Heureusement, il y a eu l’aide de Via Campesina, qui a formé et informé et qui a aussi aidé à la création d’un village paysan. La sensibilisation est même arrivée jusqu’à l’ONU. En particulier lorsque ces occupations ont abouti à la profanation d’un cimetière.

Après la guerre, la paix ?

Résistance aux APE

Aujourd’hui, grâce au multipartisme, la presse est plus libre, elle parle des APE. Elle dénonce la concurrence déloyale, grâce aux subventions cachées, aux rendements inférieurs parfois. Et aux normes hypocrites : des produits refusés parce qu’ils ne correspondent pas aux normes environnementales européennes, alors que les agriculteurs maliens n’ont pas les moyens de mettre autant de pesticides que les européens !

Des pays « sous tutelle », comme la Côte d’Ivoire ou le Ghana, ont été forcés de signer ces accords. La Cedeao vient de le faire, mais ils doivent encore être ratifiés par les gouvernements. La Cnop a quelques députés qui sont informés et vont travailler à informer leurs collègues, qui, en général, le sont beaucoup moins.

 

Intervention de Binto Diallo, présidente du Parti Vert Malien

L’intervention française a été une bonne chose, mais tout n’est pas parfait.
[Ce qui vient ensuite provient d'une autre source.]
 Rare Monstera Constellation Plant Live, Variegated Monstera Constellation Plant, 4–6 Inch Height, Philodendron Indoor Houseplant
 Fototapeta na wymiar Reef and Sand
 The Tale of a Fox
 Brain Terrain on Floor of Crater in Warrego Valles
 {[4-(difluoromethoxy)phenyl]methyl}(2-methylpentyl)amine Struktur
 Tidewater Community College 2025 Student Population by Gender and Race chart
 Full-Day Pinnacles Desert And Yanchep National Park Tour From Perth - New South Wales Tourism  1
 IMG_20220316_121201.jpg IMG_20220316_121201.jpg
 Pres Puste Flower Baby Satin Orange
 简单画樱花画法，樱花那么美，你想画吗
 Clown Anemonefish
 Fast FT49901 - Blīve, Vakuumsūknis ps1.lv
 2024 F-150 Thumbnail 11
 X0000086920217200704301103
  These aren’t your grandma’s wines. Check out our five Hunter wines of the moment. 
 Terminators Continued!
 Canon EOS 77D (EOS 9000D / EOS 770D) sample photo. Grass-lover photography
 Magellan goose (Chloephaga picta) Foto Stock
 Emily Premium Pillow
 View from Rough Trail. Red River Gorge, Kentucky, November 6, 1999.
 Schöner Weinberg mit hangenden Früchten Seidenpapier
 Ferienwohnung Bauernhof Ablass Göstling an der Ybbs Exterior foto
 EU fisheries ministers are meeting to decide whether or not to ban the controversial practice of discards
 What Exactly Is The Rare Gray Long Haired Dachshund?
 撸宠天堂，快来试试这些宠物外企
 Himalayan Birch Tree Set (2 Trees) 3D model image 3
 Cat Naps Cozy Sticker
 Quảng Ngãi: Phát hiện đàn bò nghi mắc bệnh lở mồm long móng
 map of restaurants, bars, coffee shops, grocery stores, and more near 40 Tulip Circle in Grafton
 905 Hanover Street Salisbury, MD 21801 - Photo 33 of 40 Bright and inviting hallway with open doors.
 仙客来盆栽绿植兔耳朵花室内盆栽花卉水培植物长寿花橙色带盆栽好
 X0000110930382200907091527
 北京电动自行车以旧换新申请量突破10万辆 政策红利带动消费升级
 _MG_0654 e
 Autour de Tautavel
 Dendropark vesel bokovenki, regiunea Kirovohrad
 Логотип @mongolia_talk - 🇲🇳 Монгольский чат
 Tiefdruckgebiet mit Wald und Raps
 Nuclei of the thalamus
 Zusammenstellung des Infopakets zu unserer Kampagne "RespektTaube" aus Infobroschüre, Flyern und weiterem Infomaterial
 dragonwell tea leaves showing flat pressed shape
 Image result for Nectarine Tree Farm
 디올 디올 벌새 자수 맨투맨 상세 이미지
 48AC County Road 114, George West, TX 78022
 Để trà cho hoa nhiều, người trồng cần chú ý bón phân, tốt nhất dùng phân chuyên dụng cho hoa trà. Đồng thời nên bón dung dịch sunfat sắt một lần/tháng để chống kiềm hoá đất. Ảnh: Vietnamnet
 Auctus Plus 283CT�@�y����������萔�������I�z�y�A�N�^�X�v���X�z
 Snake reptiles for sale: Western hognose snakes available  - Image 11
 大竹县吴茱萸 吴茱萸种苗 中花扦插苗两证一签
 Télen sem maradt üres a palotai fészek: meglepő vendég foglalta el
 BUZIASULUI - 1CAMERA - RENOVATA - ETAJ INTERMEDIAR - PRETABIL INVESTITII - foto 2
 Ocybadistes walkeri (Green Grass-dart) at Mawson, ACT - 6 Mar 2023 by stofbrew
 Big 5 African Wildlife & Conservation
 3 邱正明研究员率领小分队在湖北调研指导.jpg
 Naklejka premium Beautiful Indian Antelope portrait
Il faut se souvenir d’un proverbe malien :  » Si tu cherches une aiguille et que celui qui t’aide à la chercher a le pied dessus, tu ne pourras la trouver ».

Les problèmes de la terre sont primordiaux. La famine, les difficultés détournent les jeunes de l’agriculture. Kidnapping, drogue, brigandage apportaient de l’argent facile. Or, l’économie du pays repose sur l’agriculture , l’élevage, la pêche à 80%.

Loi foncière, démocratie, agro-carburants

La loi foncière ne peut être écrite sans faire référence au droit coutumier, sans consultation des populations. Ainsi de la gestion des terres, cultivées traditionnellement par des paysans non propriétaires. Si la distribution, à travers la loi de décentralisation, est confiée au chef de village, alors que celui-ci est analphabète, que le maire est cupide, irresponsable, il y aura des ventes illicites, et l’accaparement des terres dont parlait Ousmane. Et il y aura encore des scandales comme celui des 300 maisons détruites, les familles se retrouvant sans toit en pleine saison des pluies. La décentralisation doit s’appuyer sur une démocratie à la base, sur la communauté de base.

Outre les multinationales étrangères qui s’emparent des terres, de nombreux particuliers, maliens ou étrangers, ont des concessions rurales variant de 2 à 1000 hectares. Des terrains d’agrément qu’ils ne cultivent pas.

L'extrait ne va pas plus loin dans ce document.